Поёт Окуджава негромко, перебирает струны гитары и смотрит в пол. На третьем куплете голос певца становится ещё тише и проникновеннее.
Не успевает Окуджава перейти к четвёртому куплету, как раздаётся вдруг визгливый крик взъерошенного парня: “Старик! Это что, ты сам написал?! Нет, точно? Сам?! Ну здорово!”
“Да, это я написал”, – пристально взглянув на парня, не повышая голоса, отвечает Булат и продолжает петь. После окончания песни на парня несколько раз шикнули, а братья Ивановы молча показали ему кулак. Я тоже с негодованием смотрел на вроде бы присмиревшего крикуна. Илья как ни в чём не бывало продолжает приветливо улыбаться и предлагает Окуджаве вина, от которого тот вежливо отказывается и через минуту переходит к “Песне о пехоте”.

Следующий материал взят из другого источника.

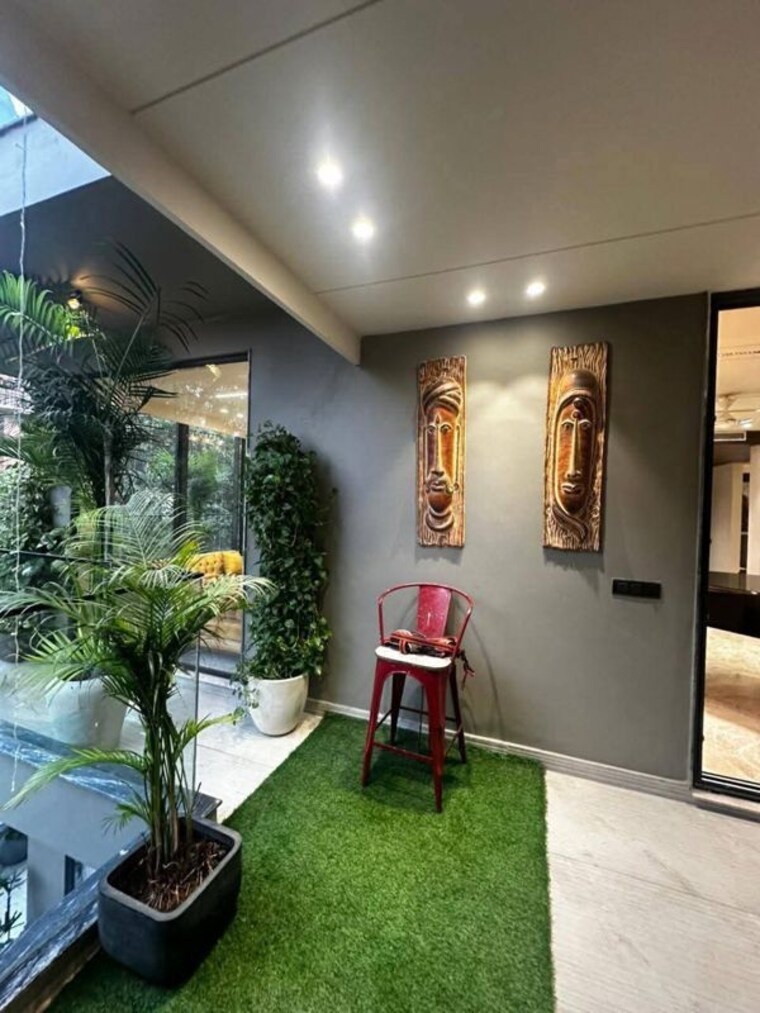 Living Room, dlf-city-phase-v 4 Bedroom 303 Sq.Yd. Apartment In Dlf Phase V Gurgaon 10552642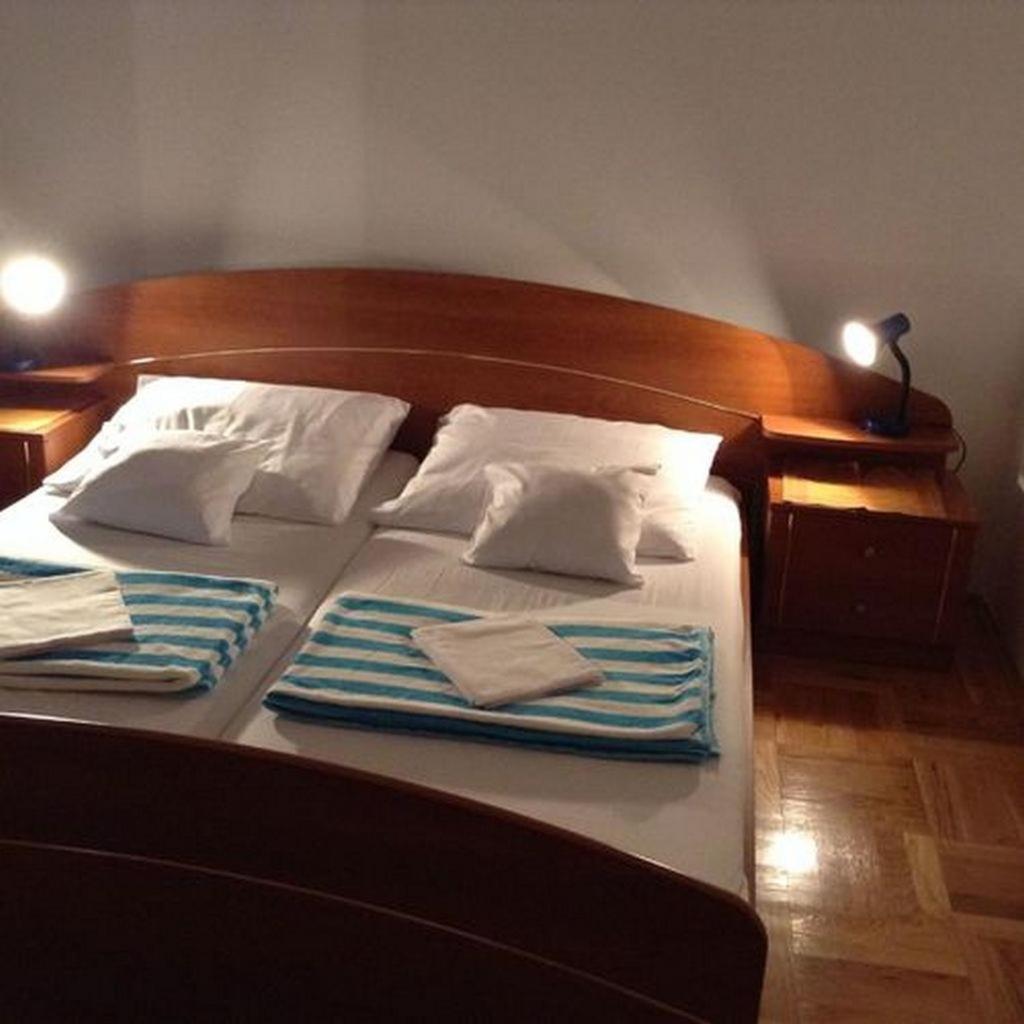 Apartments with a parking space Novigrad - 12572 photo 4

Но и песенка о пехоте прерывается крикливым вопросительным возгласом: “Слышь! И эту песню тоже ты сочинил? Тоже сам? Ну ты даёшь!”

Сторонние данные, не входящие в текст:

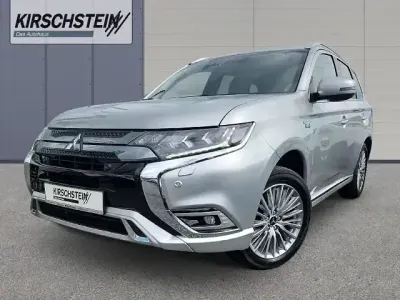 Używany Mitsubishi Outlander P-HEV Top 224 KM (164 kW) 2019 Czarny SUV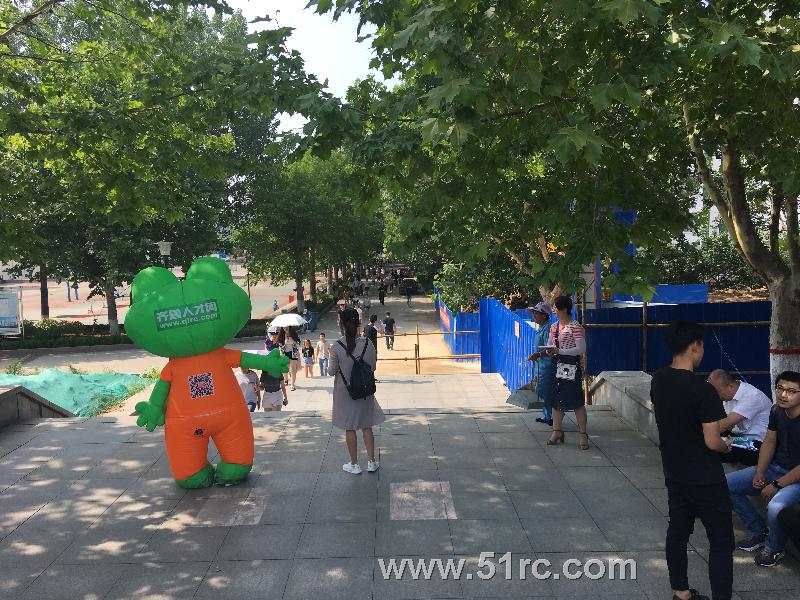 6月14日，泰山职业技术学院实习生专场招聘会火热进行中……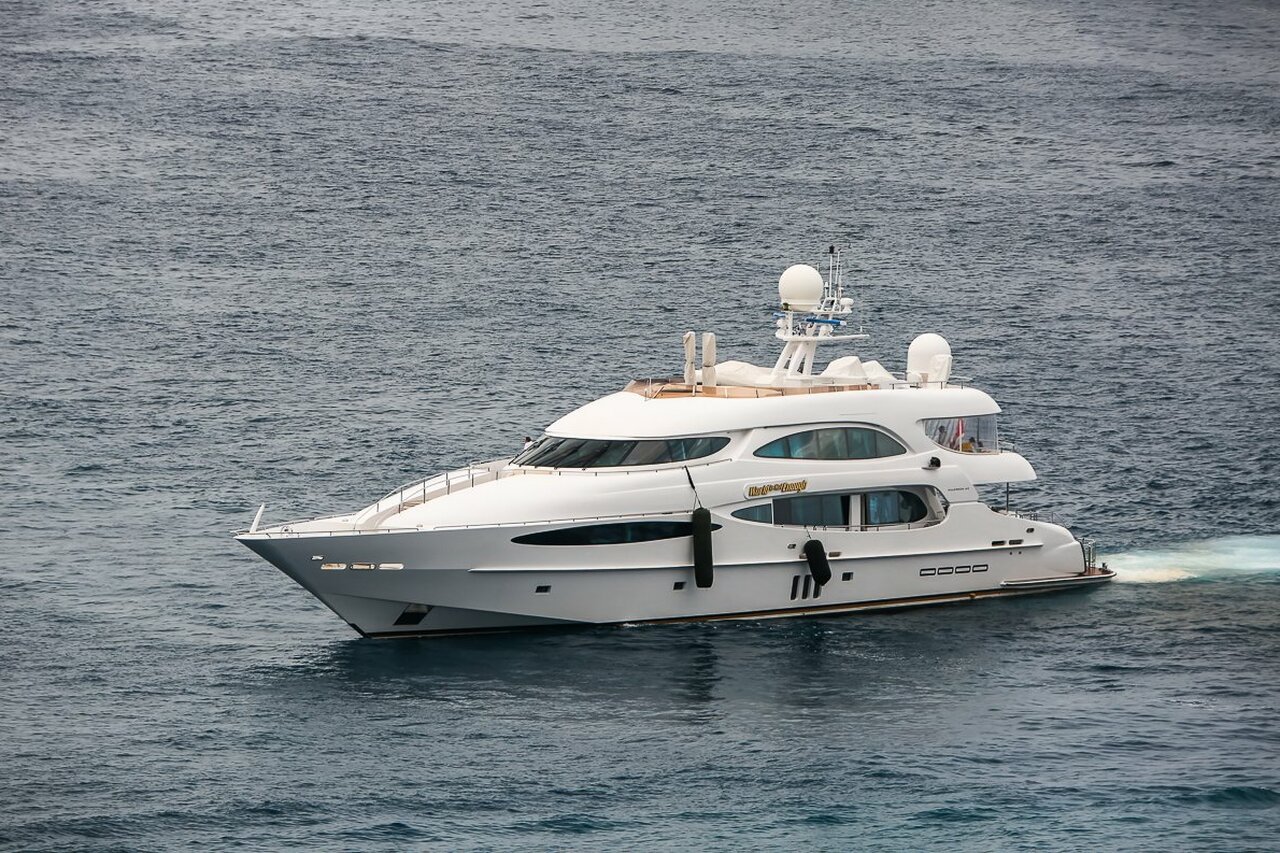 World Is Not Enough yacht - 42m - Millennium - Staluppi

Окуджава хмурит брови и, глядя в упор на юного наглеца, медленно отчеканивает: “Да, представь, что и эту песню тоже написал я, Булат Окуджава” – и допевает оставшиеся слова песни. Минута молчания. Я в недоумении, как и все остальные, – за исключением милого Ильи, с лица которого не сходит улыбка, и молодого шпанёнка, который, делая вид, что не замечает осуждающих взглядов и угрожающего рычанья братьев Ивановых, наполняет свой стакан кислым болгарским вином и залпом опрокидывает его.
Булат по-прежнему невозмутим и, чуть пригубив стакан, приступает к исполнению следующей песни. В этот вечер она оказалась последней, потому что первый же куплет его замечательной песни “До свидания, мальчики” со словами:
шпанёнок прерывает и громко шепчет с напускной задушевностью: “Старина! И эта тоже твоя?! И музыка? И слова! Ну здорово получилось, честное слово!”